Task: Copy out each line below exactly as written.

--- Study material ---

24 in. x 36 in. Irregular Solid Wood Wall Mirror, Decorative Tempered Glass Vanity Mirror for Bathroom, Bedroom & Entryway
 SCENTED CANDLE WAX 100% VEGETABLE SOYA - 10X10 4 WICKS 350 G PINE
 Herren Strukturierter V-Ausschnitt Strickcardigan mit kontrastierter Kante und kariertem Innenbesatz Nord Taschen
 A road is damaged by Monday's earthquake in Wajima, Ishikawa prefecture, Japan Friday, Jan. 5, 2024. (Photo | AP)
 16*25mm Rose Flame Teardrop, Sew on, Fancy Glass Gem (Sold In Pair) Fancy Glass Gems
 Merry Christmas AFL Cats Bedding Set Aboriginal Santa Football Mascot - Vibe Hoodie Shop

---

Result below:
24 in. x 36 in. Irregular Solid Wood Wall Mirror, Decorative Tempered Glass Vanity Mirror for Bathroom, Bedroom & Entryway
 SCENTED CANDLE WAX 100% VEGETABLE SOYA - 10X10 4 WICKS 350 G PINE
 Herren Strukturierter V-Ausschnitt Strickcardigan mit kontrastierter Kante und kariertem Innenbesatz Nord Taschen
 A road is damaged by Monday's earthquake in Wajima, Ishikawa prefecture, Japan Friday, Jan. 5, 2024. (Photo | AP)
 16*25mm Rose Flame Teardrop, Sew on, Fancy Glass Gem (Sold In Pair) Fancy Glass Gems
 Merry Christmas AFL Cats Bedding Set Aboriginal Santa Football Mascot - Vibe Hoodie Shop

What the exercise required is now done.